Santiago volvió a Jerusalén, como Ella le había pedido, y el año 41 fue martirizado durante la persecución del rey Herodes Agripas. Fue el primer discípulo mártir. Luego, siempre según la tradición, su cuerpo, inicialmente sepultado en Jerusalén, fue trasladado por sus discípulos a Galicia. Sus restos se veneran en la catedral de Santiago de Compostela. Los estudiosos no se ponen de acuerdo a la hora de ratificar la fiabilidad de estos hechos. Además, hay discordancias como la datación de fechas que no encajan en la historia.
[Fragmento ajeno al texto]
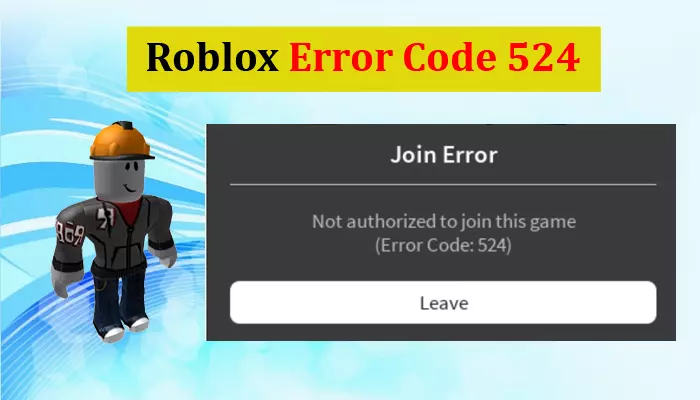 “Roblox 524 Error: Connection Timeout Fix”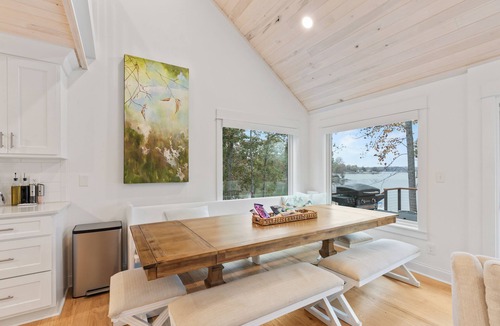 Mayhew House | Lake Norman Lake Access, Hot Tub & Dock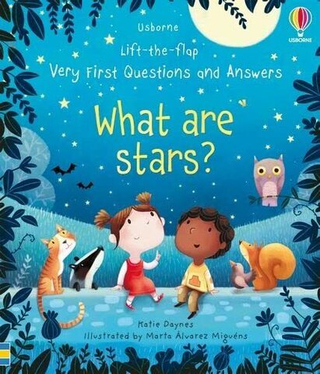 Very First Questions & Answers: What Are Stars? (board book)
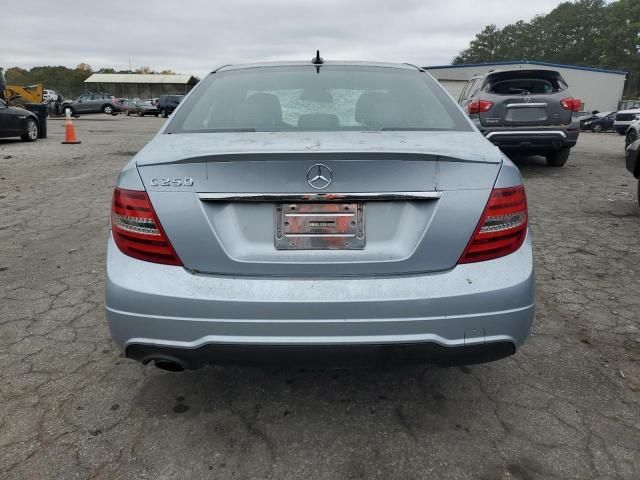 2013 Mercedes-Benz C 250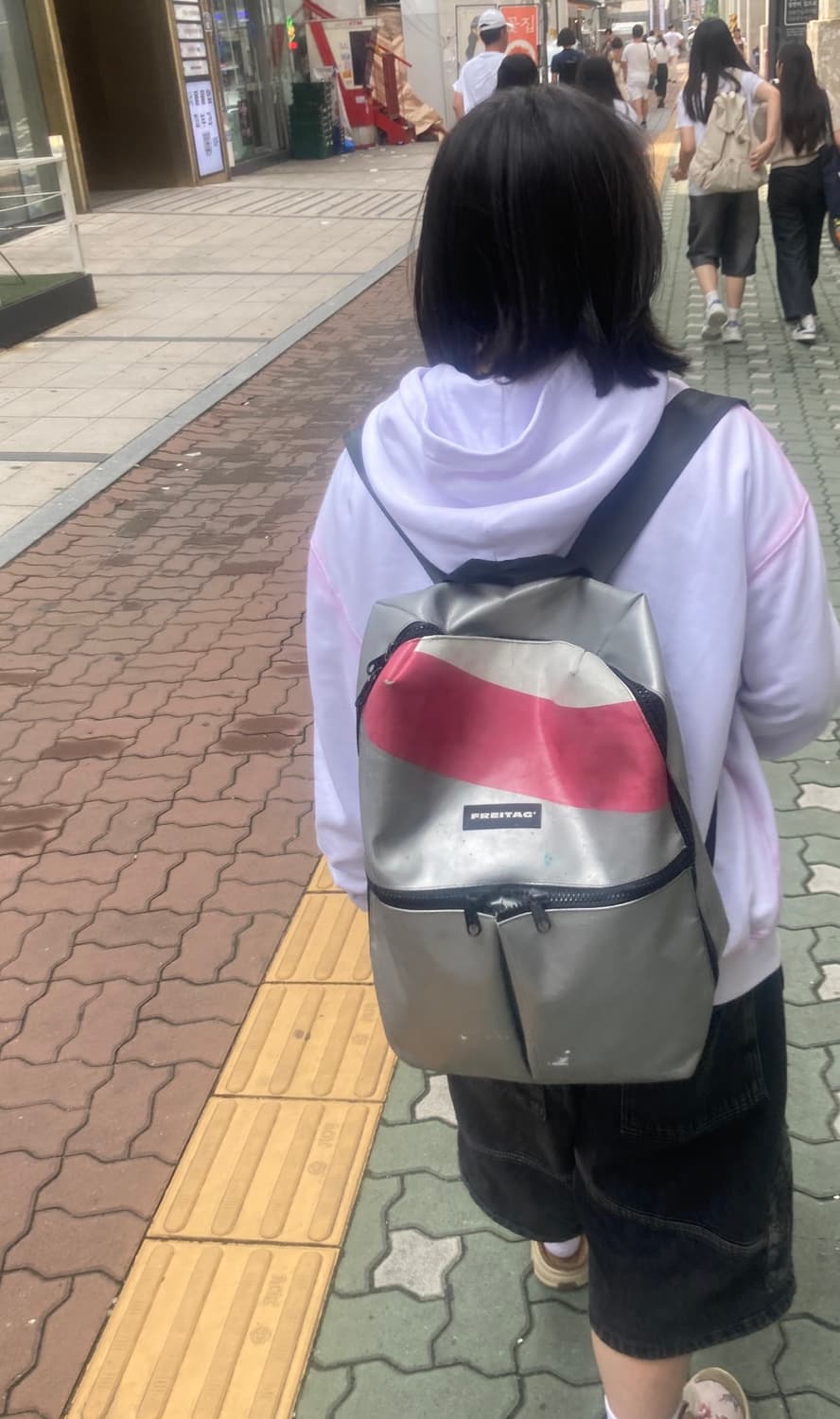 프라이탁 백팩 상품이미지7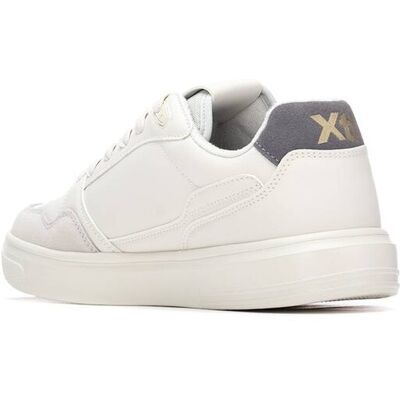 XTI - Zapatilla básica de hombre con cordones. Gris 42 XTI - Zapatilla básica de hombre con cordones. Gris 42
Pero lo cierto es que la que se ha considerado su tumba dio lugar a la Ruta Jacobea, una de las corrientes más fecundas de la historia a todos los niveles espirituales y culturales, incesantemente recorrida por millares de peregrinos que acuden a visitarla desde hace siglos. Esta es la realidad incuestionable; no precisa ser contrastada. Otras vías, que tampoco están corroboradas, subrayan nuevas trayectorias del apóstol Santiago que pudo llevarle a Cartagena y a Lérida. Es el patrón de España y de otros muchos países del mundo, objeto siempre de gran veneración, especialmente en Latinoamérica.